Rooted Spanning Superpixels

Superpixels have become effective alternative to pixels in the past decade. By grouping a set of neighboring pixels into one perceptually meaningful superpixel, the number of superpixels is much smaller than the number of pixels, and therefore facilitates image analysis such as machine learning.

In this study, Chai (2020) formulates superpixel segmentation as finding a rooted spanning forest of a graph with respect to some roots and a path-cost function. The underlying graph represents an image, the roots serve as seeds for segmentation, each pixel is connected to one seed via a path, the path-cost function measures both the color similarity and spatial closeness between two pixels via a path, and each tree in the spanning forest represents one superpixel. Originating from the evenly distributed seeds, the superpixels are guided by a path-cost function to grow uniformly and adaptively, the pixel-by-pixel growing continues until they cover the whole image as depicted in Fig. 1.

Rooted Spanning Superpixels (RSS) achieve good performance, which is ranked as the second among top performing state-of-the-art methods. Moreover, the RSS algorithm is much faster than the other superpixel methods.This new approach has been published online by prestigious International Journal of Computer Vision. 

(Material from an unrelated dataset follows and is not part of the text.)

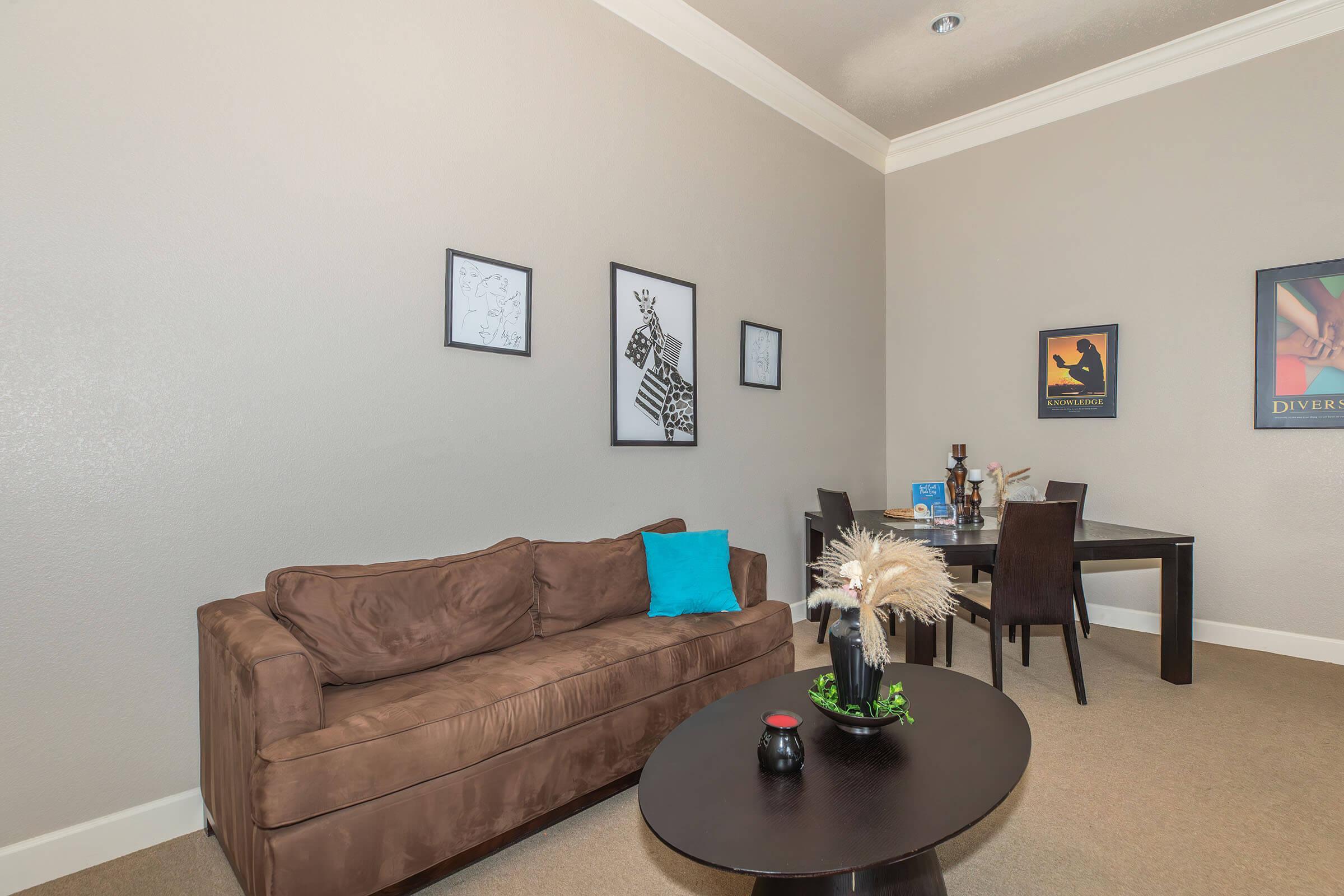 A cozy living room featuring a brown couch with a light blue cushion, a black coffee table with decorative items, and a dining area with a dark table. The walls are adorned with framed artwork, adding a touch of personality to the space. The room has neutral tones and soft lighting, creating a welcoming atmosphere.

Fig. 1. Rooted spanning superpixels. Starting from the seed pixels, the superpixels grow up pixel by pixel until they cover the whole image. The initial state, intermediate states, and final state are shown respectively from left to right. Their boundaries and constituting pixels are depicted as green lines and colored regions in the top and bottom images respectively.

Dengfeng Chai (2020): Rooted Spanning Superpixels, International Journal of Computer Vision, https://link.springer.com/article/10.1007/s11263-020-01352-9.